> [How to complete this task]: Your task is to set down the line containing "Vector set of" and every later line of the entries, word for word, including the last.

***** The records

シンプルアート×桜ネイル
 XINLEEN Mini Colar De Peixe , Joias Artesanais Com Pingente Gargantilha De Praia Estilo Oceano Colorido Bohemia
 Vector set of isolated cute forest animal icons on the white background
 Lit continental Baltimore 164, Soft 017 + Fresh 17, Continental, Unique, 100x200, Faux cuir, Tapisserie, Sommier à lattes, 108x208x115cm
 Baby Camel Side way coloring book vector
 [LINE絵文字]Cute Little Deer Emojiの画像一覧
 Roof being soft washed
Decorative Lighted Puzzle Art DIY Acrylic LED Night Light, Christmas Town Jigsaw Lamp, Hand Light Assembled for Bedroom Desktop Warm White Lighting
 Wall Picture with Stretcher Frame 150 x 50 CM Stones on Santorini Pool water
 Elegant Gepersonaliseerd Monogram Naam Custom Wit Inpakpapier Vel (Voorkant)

**********

> [Exercise result]:
 Vector set of isolated cute forest animal icons on the white background
 Lit continental Baltimore 164, Soft 017 + Fresh 17, Continental, Unique, 100x200, Faux cuir, Tapisserie, Sommier à lattes, 108x208x115cm
 Baby Camel Side way coloring book vector
 [LINE絵文字]Cute Little Deer Emojiの画像一覧
 Roof being soft washed
Decorative Lighted Puzzle Art DIY Acrylic LED Night Light, Christmas Town Jigsaw Lamp, Hand Light Assembled for Bedroom Desktop Warm White Lighting
 Wall Picture with Stretcher Frame 150 x 50 CM Stones on Santorini Pool water
 Elegant Gepersonaliseerd Monogram Naam Custom Wit Inpakpapier Vel (Voorkant)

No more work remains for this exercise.